People often ask me whether I have data that proves the superiority of my introductory curriculum (variously known as "How to Design Programs" ("2e") or "TeachScheme!").

My experience suggests two distinct problems with this question.

The first problem is that obtaining meaningful data is extremely difficult and expensive. A true evaluation should involve a few thousand students; it should track them over a couple of years to see whether their programming course helped them improve their problem solving skills in related fields (say algebra); and it should determine whether it attracts kids into a CS-related major. Nobody has the money to conduct this kind of study.

And then the real questions come up: How do you compare teaching Java vs. Python? How do you evaluate a course that focuses on general design ideas vs a course that teaches programming by example? How do you differentiate the effects of a curriculum that demands a radical change vs something that can be introduced as small incremental changes to the dominant fashion? After 10 years of looking I still don’t know the answer. Some of our teachers have run parallel courses with one and the same teacher running two different curricula. I/we have run "competitions", letting students choose which curricula they want.

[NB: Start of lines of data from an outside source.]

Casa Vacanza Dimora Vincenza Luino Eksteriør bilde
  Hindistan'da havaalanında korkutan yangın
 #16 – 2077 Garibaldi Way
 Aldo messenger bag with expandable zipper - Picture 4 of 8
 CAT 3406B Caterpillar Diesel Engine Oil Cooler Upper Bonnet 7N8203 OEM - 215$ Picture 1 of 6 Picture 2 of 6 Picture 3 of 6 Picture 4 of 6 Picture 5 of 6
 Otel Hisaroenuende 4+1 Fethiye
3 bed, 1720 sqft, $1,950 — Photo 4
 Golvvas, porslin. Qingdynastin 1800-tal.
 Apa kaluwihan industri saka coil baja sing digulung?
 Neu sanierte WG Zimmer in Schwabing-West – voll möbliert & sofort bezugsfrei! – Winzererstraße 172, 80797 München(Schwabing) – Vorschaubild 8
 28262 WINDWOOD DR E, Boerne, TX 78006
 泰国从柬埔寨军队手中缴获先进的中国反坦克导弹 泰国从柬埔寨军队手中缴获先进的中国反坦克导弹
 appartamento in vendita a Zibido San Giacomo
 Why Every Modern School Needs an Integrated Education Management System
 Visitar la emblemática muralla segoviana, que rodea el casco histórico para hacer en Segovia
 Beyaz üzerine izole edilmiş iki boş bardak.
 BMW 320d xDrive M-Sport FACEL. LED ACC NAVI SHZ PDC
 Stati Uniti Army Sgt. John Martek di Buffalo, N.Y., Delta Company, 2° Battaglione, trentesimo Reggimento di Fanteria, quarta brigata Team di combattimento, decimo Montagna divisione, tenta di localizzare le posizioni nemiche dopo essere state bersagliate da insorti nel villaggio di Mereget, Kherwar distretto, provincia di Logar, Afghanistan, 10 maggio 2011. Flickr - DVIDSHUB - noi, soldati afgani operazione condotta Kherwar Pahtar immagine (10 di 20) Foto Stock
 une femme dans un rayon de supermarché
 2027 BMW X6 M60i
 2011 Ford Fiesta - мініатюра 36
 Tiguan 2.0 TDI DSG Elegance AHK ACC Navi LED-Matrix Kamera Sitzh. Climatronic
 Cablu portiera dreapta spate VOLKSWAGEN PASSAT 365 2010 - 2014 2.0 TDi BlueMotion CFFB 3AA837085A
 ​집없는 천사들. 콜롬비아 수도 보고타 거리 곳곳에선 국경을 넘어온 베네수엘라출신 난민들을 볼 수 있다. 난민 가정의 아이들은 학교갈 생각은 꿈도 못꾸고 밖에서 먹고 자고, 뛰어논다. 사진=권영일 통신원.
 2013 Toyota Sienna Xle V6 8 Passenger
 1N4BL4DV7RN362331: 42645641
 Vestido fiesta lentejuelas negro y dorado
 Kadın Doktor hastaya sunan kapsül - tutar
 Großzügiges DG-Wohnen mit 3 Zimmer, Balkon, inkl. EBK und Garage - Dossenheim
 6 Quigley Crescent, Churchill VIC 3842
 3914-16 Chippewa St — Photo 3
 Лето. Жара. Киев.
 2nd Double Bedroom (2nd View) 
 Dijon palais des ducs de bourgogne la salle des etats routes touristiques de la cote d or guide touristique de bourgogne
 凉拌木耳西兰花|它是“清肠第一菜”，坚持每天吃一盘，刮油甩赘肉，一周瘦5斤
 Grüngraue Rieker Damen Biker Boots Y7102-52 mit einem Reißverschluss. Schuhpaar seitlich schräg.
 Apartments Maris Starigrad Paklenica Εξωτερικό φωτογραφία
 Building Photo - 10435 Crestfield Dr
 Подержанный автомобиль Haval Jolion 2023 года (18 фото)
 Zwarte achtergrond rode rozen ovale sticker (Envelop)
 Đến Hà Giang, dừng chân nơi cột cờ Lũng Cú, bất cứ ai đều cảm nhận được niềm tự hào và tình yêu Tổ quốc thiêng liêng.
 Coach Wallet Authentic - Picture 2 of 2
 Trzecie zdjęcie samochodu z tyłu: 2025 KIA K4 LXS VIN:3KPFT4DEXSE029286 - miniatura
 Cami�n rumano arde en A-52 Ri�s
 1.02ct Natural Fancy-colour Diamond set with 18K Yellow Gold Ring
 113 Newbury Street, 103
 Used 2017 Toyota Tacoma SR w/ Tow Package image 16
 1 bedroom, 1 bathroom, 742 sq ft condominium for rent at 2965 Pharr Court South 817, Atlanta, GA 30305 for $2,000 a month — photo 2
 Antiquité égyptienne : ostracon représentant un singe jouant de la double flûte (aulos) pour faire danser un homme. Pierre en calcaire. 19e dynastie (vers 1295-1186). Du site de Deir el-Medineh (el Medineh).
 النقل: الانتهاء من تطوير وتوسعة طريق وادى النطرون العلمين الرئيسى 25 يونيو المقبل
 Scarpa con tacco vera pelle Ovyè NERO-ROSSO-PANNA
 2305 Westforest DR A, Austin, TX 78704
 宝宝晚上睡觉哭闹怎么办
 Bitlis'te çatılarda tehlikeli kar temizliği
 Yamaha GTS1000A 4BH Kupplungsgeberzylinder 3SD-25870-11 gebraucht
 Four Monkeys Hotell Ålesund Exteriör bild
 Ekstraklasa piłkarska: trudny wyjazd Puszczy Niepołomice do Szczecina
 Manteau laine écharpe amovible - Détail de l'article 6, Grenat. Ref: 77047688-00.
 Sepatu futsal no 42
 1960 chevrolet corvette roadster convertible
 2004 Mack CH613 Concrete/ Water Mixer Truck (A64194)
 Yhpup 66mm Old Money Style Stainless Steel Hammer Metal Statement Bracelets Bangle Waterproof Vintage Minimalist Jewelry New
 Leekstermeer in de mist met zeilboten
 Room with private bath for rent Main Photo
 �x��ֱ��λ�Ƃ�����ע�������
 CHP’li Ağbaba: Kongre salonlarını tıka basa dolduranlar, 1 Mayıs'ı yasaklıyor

TeachScheme! "won" in all those "evaluations" but they involved small numbers and are nearly impossible to evaluate statistically and to repeat at other places. The curriculum does positively affect attitudes toward mathematics, and I am sure that no other programming curriculum has achieved this. But how do you measure attitude change in one semester?

The second problem is that people who teach programming don’t make use of educational data. More precisely, it is extremely difficult to find teachers or faculty who teach some programming curriculum P because of measurements that demonstrate the superiority of P over some other curriculum. The choice of curriculum is typically considered nothing but a choice of language. And the choice of language in high school is dictated by the choice of language for the AP test (currently Java) and some industrial standards (some form of BASIC). At college, the choice is a compromise between first-year and downstream faculty, a bow to perceived industrial needs, a nod to the people who are willing to teach the course—so that others can conduct really important research.

And because of all these other factors, people reject data that contradicts their view. Everyone who teaches something "inferior" will come with some reason as to why some study does not apply to his/her school population or class constraints or city or teaching style and so on. After meeting lots of these people—people who come up with excuses even before they hear about your data—you begin to wonder why you should spend all this money, all this time on evaluating programming courses.

Let’s just go do research.

p.s. If you are skeptical of these thoughts—and hey, I am just a PL researcher, so that’s justified—read Let’s Kill Dick and Jane. The author is a liberal journalist who investigated the history of Open Court and its efforts to measure education and to use measures to improve it.